The answer should be each line from the entries below that has the word "White" in it.

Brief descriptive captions
▼

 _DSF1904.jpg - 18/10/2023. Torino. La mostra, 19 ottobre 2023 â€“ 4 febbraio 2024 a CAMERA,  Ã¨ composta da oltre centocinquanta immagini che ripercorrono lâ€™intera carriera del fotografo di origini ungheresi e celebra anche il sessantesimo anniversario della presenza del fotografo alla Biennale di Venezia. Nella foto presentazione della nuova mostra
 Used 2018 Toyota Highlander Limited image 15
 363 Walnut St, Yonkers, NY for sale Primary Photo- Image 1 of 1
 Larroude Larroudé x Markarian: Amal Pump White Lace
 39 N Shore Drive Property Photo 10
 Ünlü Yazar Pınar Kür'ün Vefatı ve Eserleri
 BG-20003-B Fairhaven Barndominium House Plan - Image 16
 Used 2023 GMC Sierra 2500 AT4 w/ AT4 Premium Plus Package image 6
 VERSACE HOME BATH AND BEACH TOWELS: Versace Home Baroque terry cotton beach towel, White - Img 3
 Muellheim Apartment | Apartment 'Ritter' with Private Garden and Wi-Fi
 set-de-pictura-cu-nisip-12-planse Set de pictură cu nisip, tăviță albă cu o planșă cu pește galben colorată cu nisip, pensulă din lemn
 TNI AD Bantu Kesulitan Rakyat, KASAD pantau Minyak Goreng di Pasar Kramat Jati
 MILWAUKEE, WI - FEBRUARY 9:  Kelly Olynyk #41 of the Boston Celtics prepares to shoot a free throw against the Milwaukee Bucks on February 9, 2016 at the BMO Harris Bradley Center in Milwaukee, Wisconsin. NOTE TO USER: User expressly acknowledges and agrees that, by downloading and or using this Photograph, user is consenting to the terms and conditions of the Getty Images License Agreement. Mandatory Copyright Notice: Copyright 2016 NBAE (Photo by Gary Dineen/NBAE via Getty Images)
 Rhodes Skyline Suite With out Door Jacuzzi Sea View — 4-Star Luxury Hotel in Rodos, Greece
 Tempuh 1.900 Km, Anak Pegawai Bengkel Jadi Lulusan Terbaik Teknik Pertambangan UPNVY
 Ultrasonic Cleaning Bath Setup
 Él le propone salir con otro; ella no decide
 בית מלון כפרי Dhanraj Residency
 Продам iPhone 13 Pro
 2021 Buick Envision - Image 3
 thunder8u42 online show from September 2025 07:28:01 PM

▲

▶ _PROBLEM SOLUTION_
 Larroude Larroudé x Markarian: Amal Pump White Lace
 VERSACE HOME BATH AND BEACH TOWELS: Versace Home Baroque terry cotton beach towel, White - Img 3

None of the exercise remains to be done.